# Hextral
A high-performance neural network library for Rust with clean async-first API, advanced activation functions, multiple optimizers, early stopping, and checkpointing capabilities.
[](https://crates.io/crates/hextral)
[](https://docs.rs/hextral)
## Features
### **Core Architecture**
- **Multi-layer perceptrons** with configurable hidden layers
- **Batch normalization** for improved training stability and convergence
- **Xavier weight initialization** for stable gradient flow
- **Flexible network topology** - specify any number of hidden layers and neurons
- **Clean async-first API** with intelligent yielding for non-blocking operations
### **Activation Functions (9 Available)**
- **ReLU** - Rectified Linear Unit (good for most cases)
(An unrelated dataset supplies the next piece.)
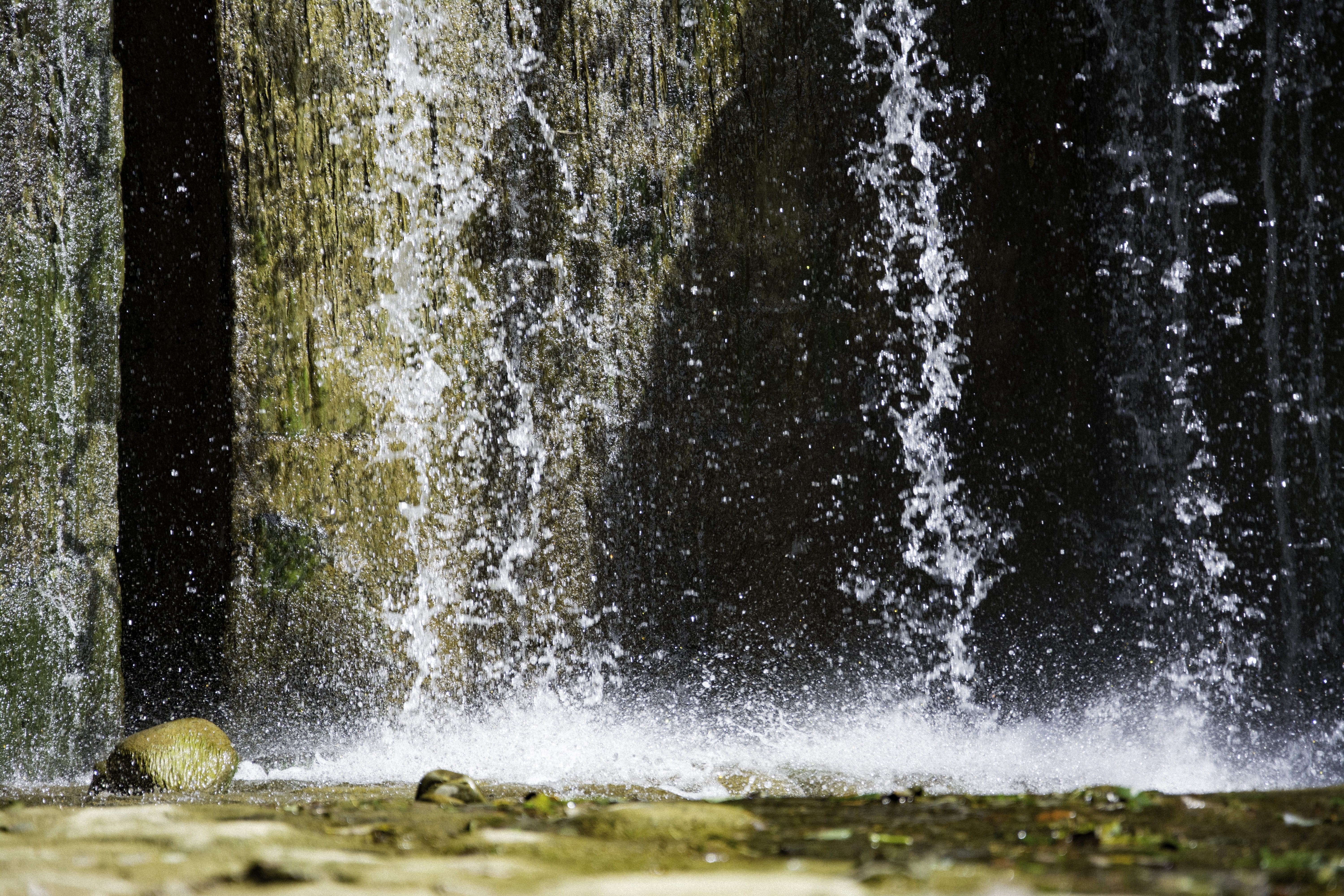tranquil scene, 5K, cascada, forest, outdoors, power, flowing water, nature, tree, no people, splash, wet, sunlight, the river, debit, motion, waterfront, HD Wallpaper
- **Sigmoid** - Smooth activation for binary classification
- **Tanh** - Hyperbolic tangent for centered outputs
- **Leaky ReLU** - Prevents dying ReLU problem
- **ELU** - Exponential Linear Unit for smoother gradients
- **Linear** - For regression output layers
- **Swish** - Modern activation with smooth derivatives
- **GELU** - Gaussian Error Linear Unit used in transformers
- **Mish** - Self-regularizing activation function
- **Quaternion** - Quaternion-based normalization for 4D data
### **Loss Functions (5 Available)**
- **Mean Squared Error (MSE)** - Standard regression loss
- **Mean Absolute Error (MAE)** - Robust to outliers
- **Binary Cross-Entropy** - Binary classification
- **Categorical Cross-Entropy** - Multi-class classification
- **Huber Loss** - Robust hybrid of MSE and MAE
### **Optimization Algorithms (12 Available)**
- **Adam** - Adaptive moment estimation (recommended for most cases)
- **AdamW** - Adam with decoupled weight decay
- **NAdam** - Nesterov-accelerated Adam
- **AdaBelief** - Adapting stepsizes by belief in observed gradients
- **Lion** - Evolved sign momentum optimizer
- **SGD** - Stochastic Gradient Descent (simple and reliable)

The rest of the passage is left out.